Partiendo de esta aclaración, el ecléctico montaje hilvanado por Àlex Rigola, quien realizó una espléndida labor como renovador artístico del Teatre Lliure del 2003 al 2011, nos mete de lleno en la tesitura chejoviana. De hecho, es de agradecer volver a presenciar el músculo teatral de Rigola tras sus erráticas puestas en escena de tragedias shakespearianas, sumamente hostiles para un creador cuyo leitmotiv reside en el espacio escénico, la distribución espacial, la hibridez artística y la concepción de cada montaje como espectáculo innovador. En este sentido, para quien nunca haya presenciado la puesta en escena de una pieza del maestro Anton Chéjov, este montaje es una delicia. Ubicando a los espectadores en dos gradas para poder presenciar la desidia de unos personajes que han adoptado el nombre de los actores, zambulléndonos de lleno en las vidas de seres incapaces de asumir sus responsabilidades tras el disfraz del narcisismo de la culpa. En este ámbito, el trabajo actoral de Joan Carreras, actor fetiche de Àlex Rigola, es espléndido. Meláncolico y apático, es incapaz de asumir la verdad – tema chejoviano por excelencia – que le suelta en su lenta y penosa agonía la actriz Sara Espígul: ha preferido dejarse arrastrar por los ideales de la codicia y la acumulación de riquezas a enfrentarse al reto de preguntarse qué desea realmente.
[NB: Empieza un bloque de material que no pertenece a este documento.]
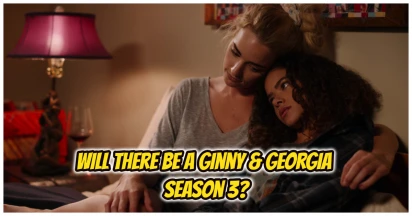 Ginny And Georgia Season 3’s Release Date, Trailer & More: The Last Season?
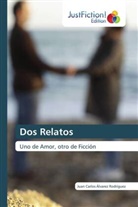 Juan Carlos Álvarez Rodríguez - Dos Relatos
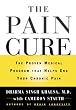 The Pain Cure: The Proven Medical Program That Helps End Your Chronic Pain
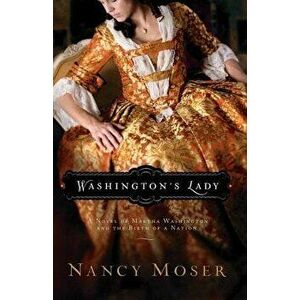 Washington's Lady, Paperback - Nancy Moser imagine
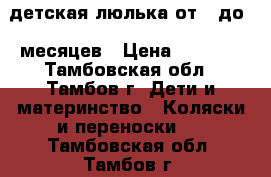 детская люлька от 0 до 4 месяцев › Цена ­ 2 800 - Тамбовская обл., Тамбов г. Дети и материнство » Коляски и переноски   . Тамбовская обл.,Тамбов г.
Los espectadores se hallarán con un trabajo exquisito del espacio escénico, cohabitando en él durante poco menos de hora y media música en vivo, grabación audiovisual y la recreación de la vida como un ir y venir apático, con entes espectrales que se pasean ante los espectadores fingiendo ser honestos, cuando, en realidad, su vida psíquica está plagada de boicots, chantajes y otras «maravillas» humanas. Para resaltarlo, el trabajo dramatúrgico es sobresaliente, modulando el texto para mostrar que Chéjov es hoy rabiosamente actual para aquellos que se llenan las palabras de buenas intenciones y autocomplacencias, incapaces de ver más allá de su ombligo.
No obstante,alguna pega sí que hay. Una que se repite en todos los montajes de Rigola: una exigua e irregular dirección actoral. Joan Carreras, actor descomunalmente preparado, es capaz de afrontar el reto de ponerse en las manos de un director poco interesado en trabajar matices interpretativos, lo cual se observa en la atmósfera desangelada que caracteriza el trabajo del resto de actores, a excepción de momentos en estado de gracia de Espígul y Pep Cruz. El resto intenta sobreponerse como puede, aunque con poca fortuna.
Resumiendo: no se pierdan una de las mejores puestas en escena de una pieza de Chévoj de los últimos años, para celebrar el retorno de un creador contemporáneo imprescindible, a pesar de que trabajar con los actores no sea su fuerte.